Whoops, forgot the link: http://www.kent.ac.uk/smsas/personal/od ... aq.htm#3.5

He's evaluating the board game Risk, a world domination game that uses cards instead of spoils, but the principles are the same. =)

kylegraves1 wrote:7/9 is correct

idk why i have trouble getting them though

I second that. It often feels like the chance is 10%, especially when it could make the difference between sweeping the map or not getting another turn.

Lx

pr(set, given 3 cards) = 1/3, so
pr(no set, given 3 cards) = 2/3

If you have no set with your 3 cards, then you have 2 cards of one color and 1 card of a second color. Without loss of generality, say you have 2 blue cards and 1 green card. Thus from that point the only way you don't have a set on your 4th card is if you draw another green card, and pr(green card) = 1/3.

So we have the path to no set on 4 cards = pr(no set, given 3 cards) * pr(not making set on 4th card, given started with 3 cards that don't form a set) = 2/3 * 1/3 = 2/9.

Therefore pr(set with 4 cards) = 1 - pr(no set with 4 cards) = 1 - 2/9 = 7/9.

If you consider the generic odds then it is indeed 7/9, if on the other hand the first 3 don't give you a set, the odds for the 4th making a set are 6/9.

macbone wrote:
He's evaluating the board game Risk, a world domination game that uses cards instead of spoils, but the principles are the same. =)

i have to check out this "risk" you talk about..

/

anonymus wrote:

macbone wrote:
He's evaluating the board game Risk, a world domination game that uses cards instead of spoils, but the principles are the same. =)

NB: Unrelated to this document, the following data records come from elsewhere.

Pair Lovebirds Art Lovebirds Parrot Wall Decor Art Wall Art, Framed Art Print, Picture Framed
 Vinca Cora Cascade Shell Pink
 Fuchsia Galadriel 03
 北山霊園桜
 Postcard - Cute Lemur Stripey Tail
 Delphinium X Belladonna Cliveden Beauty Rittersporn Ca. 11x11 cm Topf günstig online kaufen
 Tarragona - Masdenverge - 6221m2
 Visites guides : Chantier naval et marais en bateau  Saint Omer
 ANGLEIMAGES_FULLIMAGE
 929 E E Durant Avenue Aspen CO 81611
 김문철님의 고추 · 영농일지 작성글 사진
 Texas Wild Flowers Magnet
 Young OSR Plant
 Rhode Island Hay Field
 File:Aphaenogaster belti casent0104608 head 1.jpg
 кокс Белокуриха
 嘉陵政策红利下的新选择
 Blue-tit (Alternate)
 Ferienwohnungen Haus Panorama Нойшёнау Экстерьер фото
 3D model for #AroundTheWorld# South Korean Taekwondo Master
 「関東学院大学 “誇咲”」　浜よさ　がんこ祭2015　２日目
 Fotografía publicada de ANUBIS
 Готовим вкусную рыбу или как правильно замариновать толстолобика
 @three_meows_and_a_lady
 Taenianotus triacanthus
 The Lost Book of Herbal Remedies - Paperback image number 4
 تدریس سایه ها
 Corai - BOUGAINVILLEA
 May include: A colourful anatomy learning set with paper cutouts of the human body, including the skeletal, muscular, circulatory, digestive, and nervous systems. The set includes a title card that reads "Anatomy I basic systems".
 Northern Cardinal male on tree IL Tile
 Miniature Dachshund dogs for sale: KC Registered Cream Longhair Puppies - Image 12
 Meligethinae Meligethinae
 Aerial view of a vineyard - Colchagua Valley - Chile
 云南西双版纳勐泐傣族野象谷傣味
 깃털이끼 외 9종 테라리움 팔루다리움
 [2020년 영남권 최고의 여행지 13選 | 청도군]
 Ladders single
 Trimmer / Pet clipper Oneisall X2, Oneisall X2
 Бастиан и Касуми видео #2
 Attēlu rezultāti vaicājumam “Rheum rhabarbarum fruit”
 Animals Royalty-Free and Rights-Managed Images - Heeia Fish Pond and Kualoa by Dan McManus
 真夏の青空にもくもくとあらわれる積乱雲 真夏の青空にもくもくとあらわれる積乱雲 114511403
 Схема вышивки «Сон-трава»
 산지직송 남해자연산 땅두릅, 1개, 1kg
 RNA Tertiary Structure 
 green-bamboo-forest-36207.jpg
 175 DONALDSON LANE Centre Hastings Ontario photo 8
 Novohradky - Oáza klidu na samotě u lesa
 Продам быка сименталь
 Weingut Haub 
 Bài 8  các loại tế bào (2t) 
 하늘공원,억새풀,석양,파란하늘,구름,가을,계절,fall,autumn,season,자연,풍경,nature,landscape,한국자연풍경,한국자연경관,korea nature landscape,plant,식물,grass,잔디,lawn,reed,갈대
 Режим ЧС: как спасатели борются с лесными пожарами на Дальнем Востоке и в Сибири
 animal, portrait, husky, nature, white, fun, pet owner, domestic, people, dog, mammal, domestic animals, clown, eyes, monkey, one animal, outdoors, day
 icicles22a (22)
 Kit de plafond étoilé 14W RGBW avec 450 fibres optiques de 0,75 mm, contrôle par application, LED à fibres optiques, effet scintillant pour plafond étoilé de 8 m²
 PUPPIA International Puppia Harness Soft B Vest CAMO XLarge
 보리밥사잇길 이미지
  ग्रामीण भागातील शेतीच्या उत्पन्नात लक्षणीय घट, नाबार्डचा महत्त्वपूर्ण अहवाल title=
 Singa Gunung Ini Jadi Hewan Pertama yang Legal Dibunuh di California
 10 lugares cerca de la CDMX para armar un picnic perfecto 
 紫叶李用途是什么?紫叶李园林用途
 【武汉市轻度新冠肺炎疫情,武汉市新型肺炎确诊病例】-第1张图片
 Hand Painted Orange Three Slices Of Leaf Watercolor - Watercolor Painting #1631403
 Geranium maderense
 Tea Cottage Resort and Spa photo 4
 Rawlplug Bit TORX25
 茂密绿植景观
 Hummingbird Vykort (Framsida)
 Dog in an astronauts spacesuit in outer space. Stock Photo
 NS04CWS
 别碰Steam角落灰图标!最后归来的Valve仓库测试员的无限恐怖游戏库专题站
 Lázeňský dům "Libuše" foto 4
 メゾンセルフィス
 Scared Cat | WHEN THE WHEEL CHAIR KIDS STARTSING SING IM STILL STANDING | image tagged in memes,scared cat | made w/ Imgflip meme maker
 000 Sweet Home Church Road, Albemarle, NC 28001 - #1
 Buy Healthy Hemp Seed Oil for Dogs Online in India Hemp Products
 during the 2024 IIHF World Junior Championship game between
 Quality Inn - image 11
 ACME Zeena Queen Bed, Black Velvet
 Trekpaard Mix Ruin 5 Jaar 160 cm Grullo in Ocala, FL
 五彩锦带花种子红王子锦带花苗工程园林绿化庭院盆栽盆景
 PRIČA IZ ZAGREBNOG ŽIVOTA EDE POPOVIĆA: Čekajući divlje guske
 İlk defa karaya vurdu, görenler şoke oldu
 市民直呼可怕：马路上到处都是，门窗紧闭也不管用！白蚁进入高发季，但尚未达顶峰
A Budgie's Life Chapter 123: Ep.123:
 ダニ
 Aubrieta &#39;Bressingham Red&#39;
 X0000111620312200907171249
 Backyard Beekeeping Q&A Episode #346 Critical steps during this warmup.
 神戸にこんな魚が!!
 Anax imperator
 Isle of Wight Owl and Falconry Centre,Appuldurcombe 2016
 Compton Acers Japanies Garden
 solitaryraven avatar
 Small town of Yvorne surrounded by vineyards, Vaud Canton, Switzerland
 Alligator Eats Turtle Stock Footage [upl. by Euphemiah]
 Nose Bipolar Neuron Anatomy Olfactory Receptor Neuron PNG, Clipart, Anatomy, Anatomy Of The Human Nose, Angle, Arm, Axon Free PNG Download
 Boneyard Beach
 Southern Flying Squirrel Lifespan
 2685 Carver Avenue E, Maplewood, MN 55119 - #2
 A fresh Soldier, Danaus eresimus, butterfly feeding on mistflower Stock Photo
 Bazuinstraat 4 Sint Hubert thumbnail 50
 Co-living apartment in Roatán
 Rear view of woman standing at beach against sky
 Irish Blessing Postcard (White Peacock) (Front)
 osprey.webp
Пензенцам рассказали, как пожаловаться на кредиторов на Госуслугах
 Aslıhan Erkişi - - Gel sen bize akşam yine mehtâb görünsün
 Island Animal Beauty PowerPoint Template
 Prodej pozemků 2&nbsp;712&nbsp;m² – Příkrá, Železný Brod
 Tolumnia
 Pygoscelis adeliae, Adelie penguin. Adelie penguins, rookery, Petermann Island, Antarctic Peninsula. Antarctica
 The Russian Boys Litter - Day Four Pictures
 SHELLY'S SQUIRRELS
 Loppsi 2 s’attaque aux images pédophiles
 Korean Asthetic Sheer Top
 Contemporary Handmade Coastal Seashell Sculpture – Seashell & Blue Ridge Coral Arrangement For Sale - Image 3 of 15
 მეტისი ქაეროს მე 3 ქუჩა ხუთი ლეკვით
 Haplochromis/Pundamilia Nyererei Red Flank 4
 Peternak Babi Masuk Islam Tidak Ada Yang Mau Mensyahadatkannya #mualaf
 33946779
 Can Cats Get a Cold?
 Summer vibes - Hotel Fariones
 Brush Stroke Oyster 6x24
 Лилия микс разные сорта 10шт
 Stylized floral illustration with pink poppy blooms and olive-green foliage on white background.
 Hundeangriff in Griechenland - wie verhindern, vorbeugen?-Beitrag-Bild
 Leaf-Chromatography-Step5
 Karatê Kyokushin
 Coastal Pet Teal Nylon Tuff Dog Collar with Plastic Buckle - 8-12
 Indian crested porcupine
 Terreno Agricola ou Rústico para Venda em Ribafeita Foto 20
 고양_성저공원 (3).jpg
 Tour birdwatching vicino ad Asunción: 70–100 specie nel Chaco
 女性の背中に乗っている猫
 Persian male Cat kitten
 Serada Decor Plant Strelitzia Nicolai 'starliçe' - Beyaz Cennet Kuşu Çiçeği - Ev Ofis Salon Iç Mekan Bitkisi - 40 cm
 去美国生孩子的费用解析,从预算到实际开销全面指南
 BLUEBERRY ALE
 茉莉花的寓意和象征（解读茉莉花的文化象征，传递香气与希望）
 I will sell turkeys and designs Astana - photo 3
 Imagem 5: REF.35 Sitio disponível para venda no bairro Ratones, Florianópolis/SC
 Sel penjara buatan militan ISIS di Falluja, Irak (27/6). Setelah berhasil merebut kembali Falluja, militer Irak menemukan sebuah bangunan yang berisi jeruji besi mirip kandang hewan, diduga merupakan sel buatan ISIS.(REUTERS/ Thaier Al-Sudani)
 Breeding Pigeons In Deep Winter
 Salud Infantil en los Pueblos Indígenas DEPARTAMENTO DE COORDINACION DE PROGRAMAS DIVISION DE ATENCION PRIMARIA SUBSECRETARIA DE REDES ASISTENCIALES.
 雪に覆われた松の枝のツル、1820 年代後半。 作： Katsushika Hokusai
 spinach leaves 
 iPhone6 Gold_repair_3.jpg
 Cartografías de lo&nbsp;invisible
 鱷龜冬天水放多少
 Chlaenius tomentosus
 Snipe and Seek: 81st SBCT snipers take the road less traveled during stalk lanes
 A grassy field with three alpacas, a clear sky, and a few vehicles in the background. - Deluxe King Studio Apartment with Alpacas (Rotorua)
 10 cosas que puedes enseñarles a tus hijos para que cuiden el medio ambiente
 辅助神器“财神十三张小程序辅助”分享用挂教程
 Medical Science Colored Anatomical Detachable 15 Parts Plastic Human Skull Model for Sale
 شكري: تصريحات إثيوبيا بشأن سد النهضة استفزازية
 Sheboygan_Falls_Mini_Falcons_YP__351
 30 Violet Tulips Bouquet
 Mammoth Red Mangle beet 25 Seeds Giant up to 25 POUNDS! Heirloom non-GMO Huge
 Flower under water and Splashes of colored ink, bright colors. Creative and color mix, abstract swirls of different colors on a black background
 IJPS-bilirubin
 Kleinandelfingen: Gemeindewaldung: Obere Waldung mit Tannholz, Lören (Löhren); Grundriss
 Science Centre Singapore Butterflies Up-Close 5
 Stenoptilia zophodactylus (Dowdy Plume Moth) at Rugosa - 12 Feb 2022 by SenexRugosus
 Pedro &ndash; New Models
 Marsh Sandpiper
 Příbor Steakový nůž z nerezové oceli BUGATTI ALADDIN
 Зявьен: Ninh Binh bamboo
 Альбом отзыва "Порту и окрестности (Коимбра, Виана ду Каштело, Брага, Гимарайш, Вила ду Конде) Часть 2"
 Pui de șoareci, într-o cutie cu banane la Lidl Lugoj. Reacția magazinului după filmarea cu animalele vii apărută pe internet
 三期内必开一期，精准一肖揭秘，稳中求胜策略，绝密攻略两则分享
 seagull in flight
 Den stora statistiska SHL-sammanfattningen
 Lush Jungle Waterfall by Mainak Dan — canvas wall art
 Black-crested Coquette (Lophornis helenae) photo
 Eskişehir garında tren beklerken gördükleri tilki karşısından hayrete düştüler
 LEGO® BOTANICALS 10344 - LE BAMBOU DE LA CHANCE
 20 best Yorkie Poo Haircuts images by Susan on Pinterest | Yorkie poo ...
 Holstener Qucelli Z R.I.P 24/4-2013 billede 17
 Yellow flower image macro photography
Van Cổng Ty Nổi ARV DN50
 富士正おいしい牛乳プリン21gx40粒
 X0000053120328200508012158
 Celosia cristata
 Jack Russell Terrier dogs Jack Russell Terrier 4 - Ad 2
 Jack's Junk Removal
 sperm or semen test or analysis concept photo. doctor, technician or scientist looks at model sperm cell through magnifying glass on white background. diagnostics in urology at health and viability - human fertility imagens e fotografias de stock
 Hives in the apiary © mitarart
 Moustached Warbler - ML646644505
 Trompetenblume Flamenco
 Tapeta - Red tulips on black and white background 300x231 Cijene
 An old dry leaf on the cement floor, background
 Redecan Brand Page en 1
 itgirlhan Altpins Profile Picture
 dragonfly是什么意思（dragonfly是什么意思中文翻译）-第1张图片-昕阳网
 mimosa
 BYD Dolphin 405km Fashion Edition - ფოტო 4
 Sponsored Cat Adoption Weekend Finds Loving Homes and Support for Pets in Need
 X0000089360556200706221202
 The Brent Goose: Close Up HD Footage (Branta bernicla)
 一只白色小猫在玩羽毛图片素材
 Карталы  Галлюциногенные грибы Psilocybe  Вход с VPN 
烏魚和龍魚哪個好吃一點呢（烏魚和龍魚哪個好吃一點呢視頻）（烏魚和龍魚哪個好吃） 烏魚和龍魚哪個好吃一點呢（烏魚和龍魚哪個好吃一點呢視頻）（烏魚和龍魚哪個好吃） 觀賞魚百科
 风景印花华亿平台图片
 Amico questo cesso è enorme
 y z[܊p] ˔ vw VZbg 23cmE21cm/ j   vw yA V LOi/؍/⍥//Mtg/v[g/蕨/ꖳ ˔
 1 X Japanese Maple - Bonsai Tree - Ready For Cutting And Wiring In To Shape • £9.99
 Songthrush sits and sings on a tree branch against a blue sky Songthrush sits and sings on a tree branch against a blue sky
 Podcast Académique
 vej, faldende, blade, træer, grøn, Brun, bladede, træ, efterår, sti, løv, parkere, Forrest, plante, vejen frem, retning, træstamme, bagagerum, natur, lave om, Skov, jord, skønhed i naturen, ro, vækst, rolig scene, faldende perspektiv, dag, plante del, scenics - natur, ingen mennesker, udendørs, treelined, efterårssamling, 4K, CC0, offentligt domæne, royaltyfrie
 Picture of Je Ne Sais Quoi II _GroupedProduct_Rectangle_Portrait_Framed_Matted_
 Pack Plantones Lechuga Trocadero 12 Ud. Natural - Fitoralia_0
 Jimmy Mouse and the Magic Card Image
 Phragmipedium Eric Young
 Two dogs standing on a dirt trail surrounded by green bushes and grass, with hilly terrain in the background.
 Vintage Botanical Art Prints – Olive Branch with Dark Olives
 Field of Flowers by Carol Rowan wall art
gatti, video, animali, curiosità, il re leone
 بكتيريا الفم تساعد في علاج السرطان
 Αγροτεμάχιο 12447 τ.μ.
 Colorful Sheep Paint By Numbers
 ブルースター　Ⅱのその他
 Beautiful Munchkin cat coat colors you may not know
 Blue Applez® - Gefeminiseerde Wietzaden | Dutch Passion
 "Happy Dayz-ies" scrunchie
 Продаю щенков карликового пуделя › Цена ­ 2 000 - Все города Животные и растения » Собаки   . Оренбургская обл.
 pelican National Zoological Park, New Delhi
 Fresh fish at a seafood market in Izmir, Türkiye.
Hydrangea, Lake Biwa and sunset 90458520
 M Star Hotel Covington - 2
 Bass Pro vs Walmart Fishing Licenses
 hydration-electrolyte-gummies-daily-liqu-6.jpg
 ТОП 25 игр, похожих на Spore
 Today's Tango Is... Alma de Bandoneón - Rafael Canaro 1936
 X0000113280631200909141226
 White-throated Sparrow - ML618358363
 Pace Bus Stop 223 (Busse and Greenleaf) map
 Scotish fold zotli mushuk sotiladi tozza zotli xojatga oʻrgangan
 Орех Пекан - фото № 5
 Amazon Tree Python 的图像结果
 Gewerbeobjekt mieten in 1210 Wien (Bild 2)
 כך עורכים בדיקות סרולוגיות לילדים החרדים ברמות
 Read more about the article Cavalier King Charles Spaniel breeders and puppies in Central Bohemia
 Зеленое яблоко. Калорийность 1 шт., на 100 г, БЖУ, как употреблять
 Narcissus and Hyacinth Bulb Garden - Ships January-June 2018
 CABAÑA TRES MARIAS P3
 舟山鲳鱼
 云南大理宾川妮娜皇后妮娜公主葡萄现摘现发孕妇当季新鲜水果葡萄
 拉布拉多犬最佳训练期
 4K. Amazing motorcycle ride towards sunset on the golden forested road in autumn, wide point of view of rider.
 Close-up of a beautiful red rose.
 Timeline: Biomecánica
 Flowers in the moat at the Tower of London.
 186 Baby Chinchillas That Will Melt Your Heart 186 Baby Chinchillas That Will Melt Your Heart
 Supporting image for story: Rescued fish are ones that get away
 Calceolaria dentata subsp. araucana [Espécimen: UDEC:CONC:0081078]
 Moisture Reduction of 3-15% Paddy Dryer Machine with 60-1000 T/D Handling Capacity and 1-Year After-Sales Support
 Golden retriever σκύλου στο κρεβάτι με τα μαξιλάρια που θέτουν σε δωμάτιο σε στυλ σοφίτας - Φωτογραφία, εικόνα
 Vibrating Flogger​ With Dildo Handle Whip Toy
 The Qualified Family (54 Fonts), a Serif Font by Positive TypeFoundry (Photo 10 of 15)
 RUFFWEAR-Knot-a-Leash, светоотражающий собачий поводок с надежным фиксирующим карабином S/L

i have to check out this "risk" you talk about..

/

If someone had told me earlier about this "Risk" i would not have wasted my time here

Interesting, it certainly doesn't SEEM like 7/9...

And since when do you get to play Risk (the board game) with people from all over the world? It's much more fun this way. Although now that I think about it, I'm much better at beating friends and family members than all-comers.

TDK wrote:Interesting, it certainly doesn't SEEM like 7/9...

And since when do you get to play Risk (the board game) with people from all over the world? It's much more fun this way. Although now that I think about it, I'm much better at beating friends and family members than all-comers.

+1

betiko wrote:

macbone wrote:Yep, 7/9 is correct.

Here's some analysis:

If you know that the other person has neither joker, the odds he has a set with 3 cards are 33.41%; the odds he has a set if he has 4 cards are 77.80%.

33,41?? why is that? i would v'e said 33.34%.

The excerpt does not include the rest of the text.